In 2022, approximately 120 guns were stored using the service.

The service is part of a partnership with the nonprofit Hold My Guns, whose mission statement is “to connect responsible firearm owners with voluntary, private off-site storage options, through our national network of partnering gun shops and Federal Firearm Licensees, during times of mental health crisis or personal need.”

”Hold My Guns commends veteran-owned Allegheny Arms in Pittsburgh for their leadership and genuine care for the community,” said Sarah Joy Albrecht, the founder of HMG. “Their dedication to promoting voluntary firearms storage, fostering personal responsibility, and actively engaging the firearms community sets a commendable example.”


The service isn’t just for those worried about their mental health or the health of someone in their home. Rowe says most of the guns that he’s stored were brought in by gun owners who were leaving town and wouldn’t be around to ensure they weren’t stolen, for instance. But Albrecht says that Hold My Guns has also allowed domestic violence victims and those experiencing homelessness to enter a shelter knowing that their guns would be secure. And instead of a top-down storage mandate from the state or the creation of Extreme Risk Protection Orders, Albrecht believes the grassroots approach is going to be far more successful.

Ms. Albrecht argues that legislative decisions make gun owners “feel like their rights are being stripped away,” and HMG has been successful thus far because it “gained the trust of the community.”

”It’s an organization that comes from within the firearms community,” she said. “We are all either range safety officers, instructors or work for ranges and gun shops.”

HMG has been championed by the Pennsylvania Department of Military and Veteran Affairs, which called the service “a viable alternative that saves lives.”
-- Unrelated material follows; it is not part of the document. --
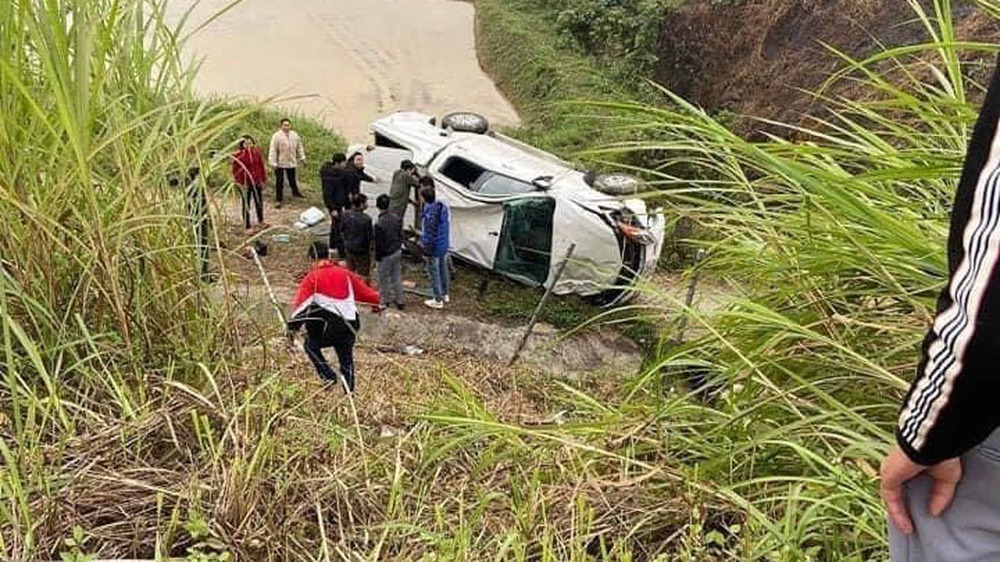 Đằng sau những bức ảnh TNGT: Nghi buồn ngủ, tài xế bán tải Mazda BT-50 lộn xuống vực trên cao tốc Nội Bài - Lào Cai - Ảnh 3.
”[We recognize] the need to promote responsible gun ownership for all of our citizens but in particular for our transitioning service members, veterans and their families,” said Richard Hamp, the special assistant to the deputy adjutant general for veteran affairs. “Hold My Guns is a valuable partner within the commonwealth.”


I have not had to avail myself of the services that Hold My Guns offers, and honestly, if I did I doubt I’d publicize my decision to temporarily remove my guns from my home, at least while they were gone. But I have no trouble whatsoever stating that I’m more than willing to take advantage of what Hold My Guns is providing if I ever feel that it’s appropriate or necessary to have someone hold on to my firearms for a short period of time. I haven’t felt the need to do so in the past, but you never know what the future holds, and I’m glad that Hold My Guns is working to make that an option for as many gun owners as possible.

The narrative that gun owners don’t care about struggles with mental health or suicides couldn’t be further from the truth, and I’m glad to see Hold My Guns getting some positive press in the mainstream media. The organization is relatively new and still has plenty of room to grow, with just eight FFLs participating at the moment, and I hope that in the new year we’ll see dozens of FFLs around the country partner with the group in their life-saving mission. For more information, check out Hold My Guns online, and don’t be afraid to encourage your own local gun shop to reach out and get involved as well.

Editor’s Note: a previous version of this story stated that Allegheny Arms and Gun Works took in dozens of firearms temporarily this year, but that figure was for every participating gun store working with Hold My Guns. Bearing Arms regrets the error.